When I first started my career as a young man, I was fortunate to have found employment with the county of Kern. It was a good profession­al level job with a decent salary, in fact, very good when you considered the overtime bonus with the use of a county vehicle for crime scene response, which was often greater than anticipate­d, but I digress.

Upon being hired, I was directed to put part of my salary into the county’s 457 plan. There were many options available. I was told that there would be a sizable nest egg when I retired. A 457 plan is similar to a 401(k) except they are specific for federal, state and municipal employees; 401(k)s are offered by private employers. It is considered one leg of the retirement stool, the other two being the pension and Social Security.

Now that I am of age to collect from this fund, I am amazed at what has changed over the four decades since I first enrolled. During Reagan, Bush 1, Clinton, and Bush 2, I would see gains to my long-term investment. Then came Obama, where I saw the balance lose close to 80 percent. Then miraculous­ly under Trump, my fund achieved great gains, producing a generous nest egg that would allow my wife and I to pursue and achieve all the things that I was told would happen if I saved wisely. The prognostic­ators were correct.

Now, nearly 18 months after the election of Joe Biden, I watched as 20 percent-plus of my savings have evaporated. So, I began the process of withdrawin­g from the fund so that we could pursue our dreams only to find I am subject to 32 percent tax. Now consider inflation at nearly 8 percent, the cost of certain groceries (staples) almost doubling, the price of gasoline nearing $7 a gallon with the highest gas tax in the nation, a Democrat governor and supermajor­ity Democrat-run legislatur­e sitting on a $100 billion dollar surplus that by law they must return a portion to the taxpayer.

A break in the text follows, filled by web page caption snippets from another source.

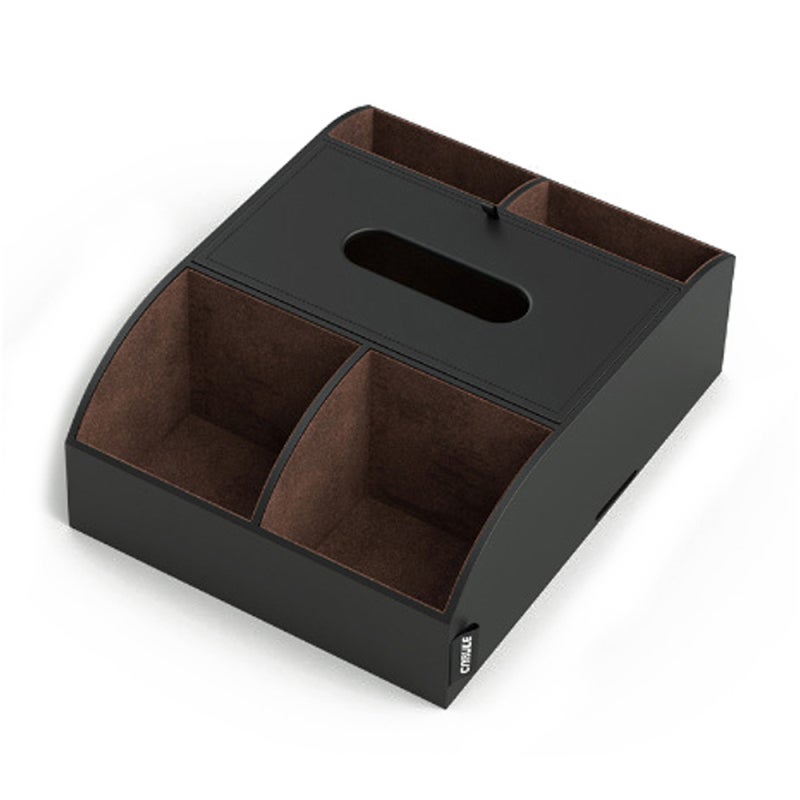 Car Armrest Storage Box: Black MDF & Leather, Expand Vehicle Storage Space - Secure Adjustable Strap, Large Capacity Armrest Box Organizer for Car Truck SUV Daily Commuters Long-Distance Travelers - Image 1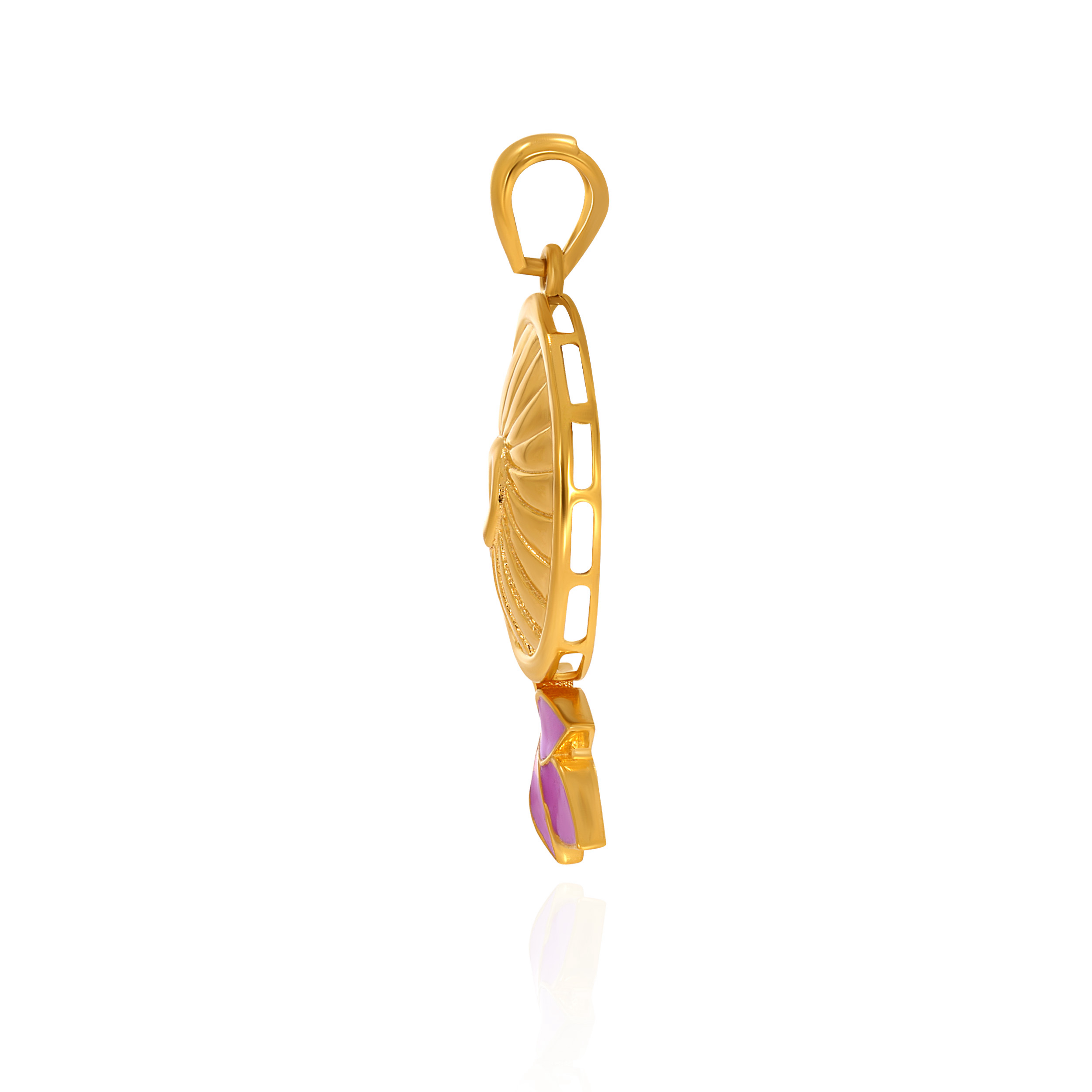 Lotus Swirl Gold Pendant - Senco Gold and Diamonds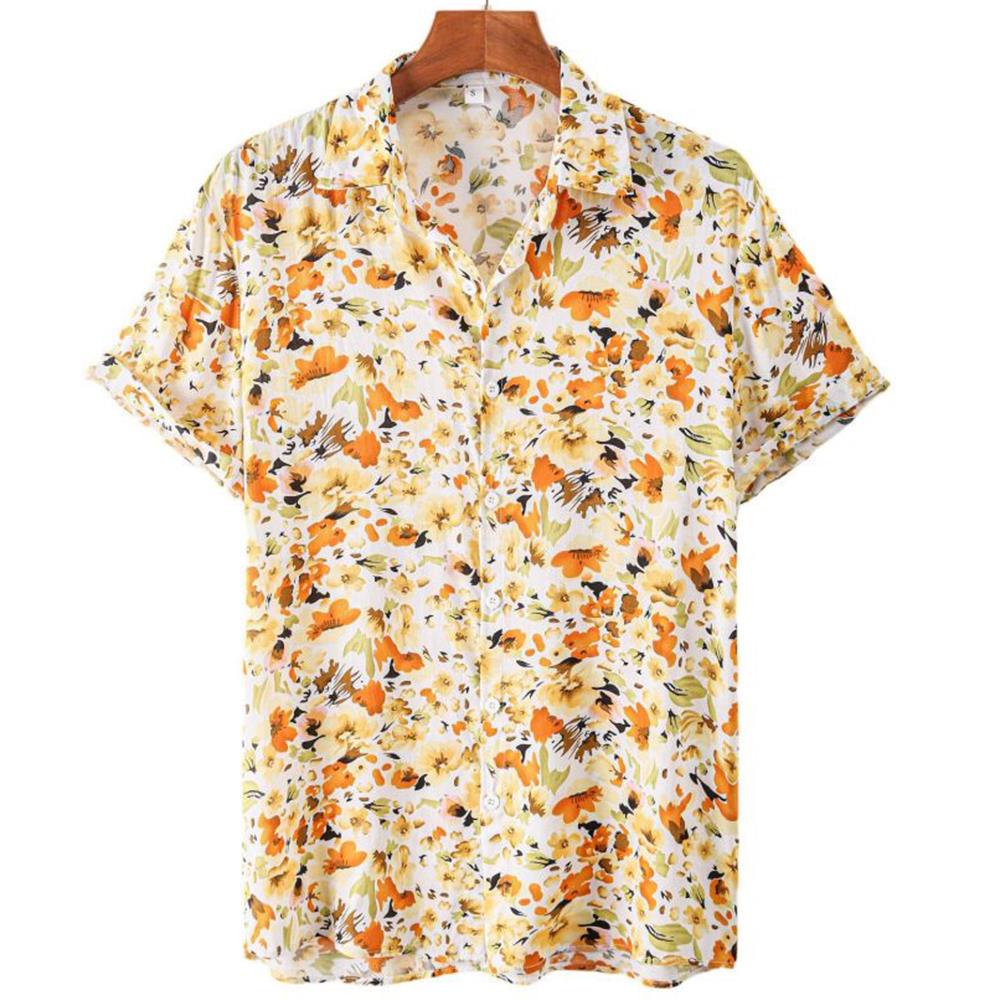 Floral Shirts Men's Summer Hawaiian Clothing Short Sleeve Tops Loose Holiday Seaside Social Lapel 3D Print Shirt 2026 Vintage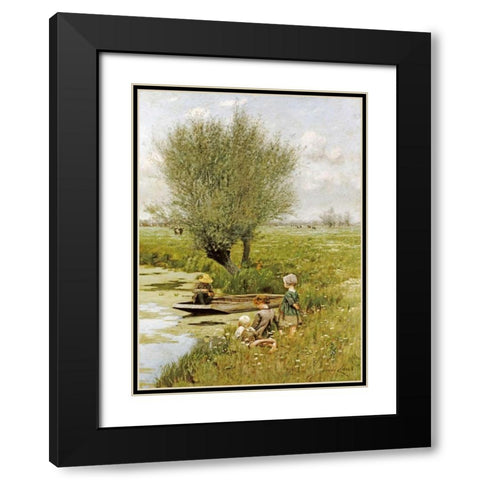 By The Riverside Black Modern Wood Framed Art Print with Double Matting by Claus, Emile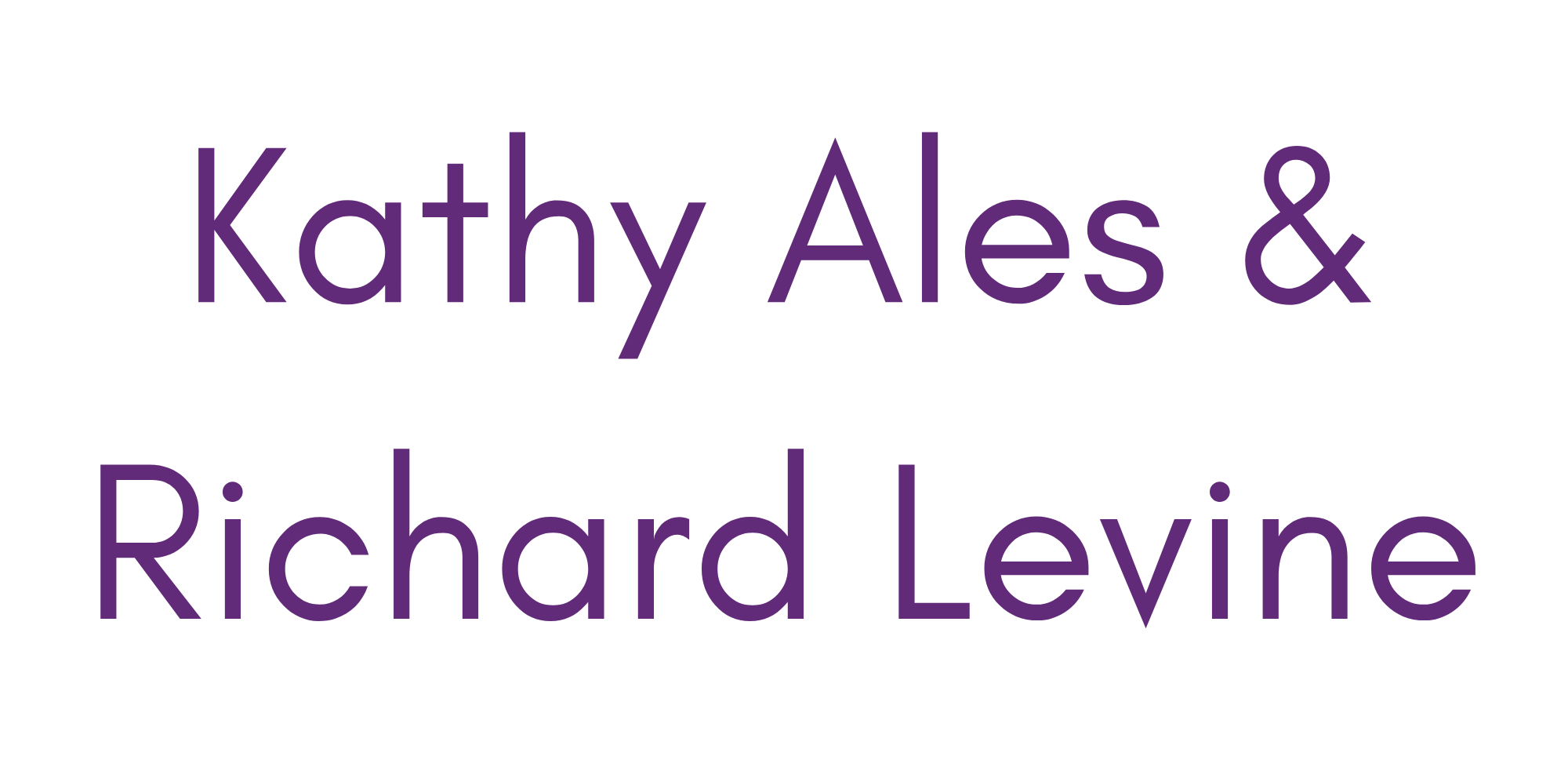 Kathy Ales & Richard Levine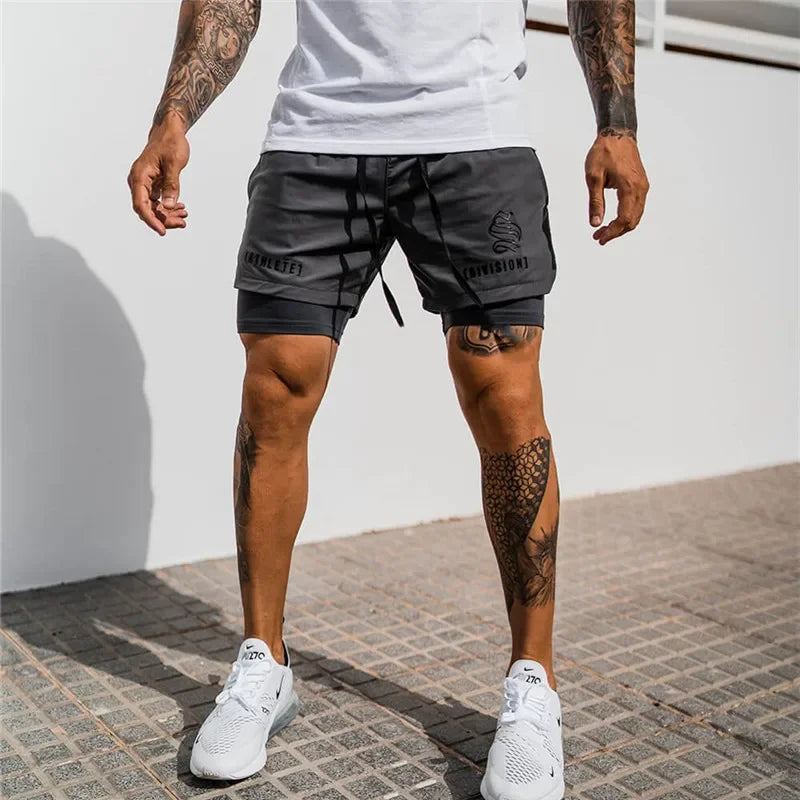 Men’s 2-in-1 Quick-Dry Gym Running Shorts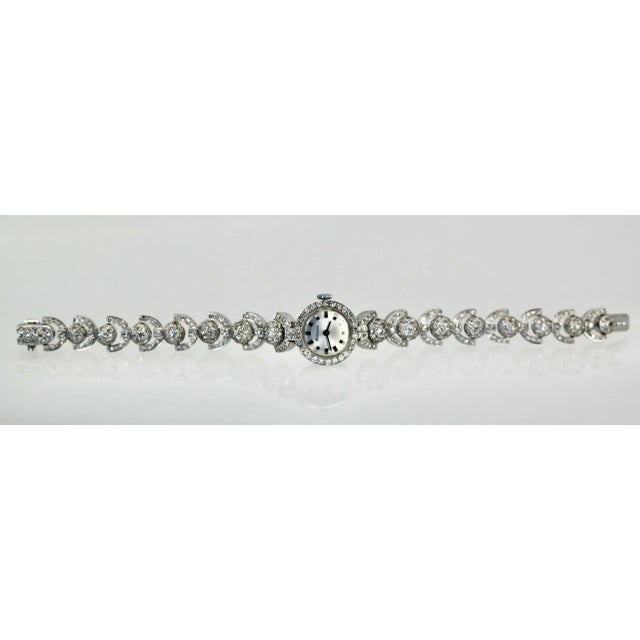Silver 1950’s Ladies Unique Diamond Cocktail Watch For Sale - Image 8 of 10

Now they are caught in a dilemma; what special interests or protected classes must first receive a cut of that pie and how big should that slice be? Now, it is proposed that California state residents may have to foot the bill for providing abortions to include lodging to residents of other states seeking the procedure. One wonders which is worse, corporate greed of government greed? I know the answer.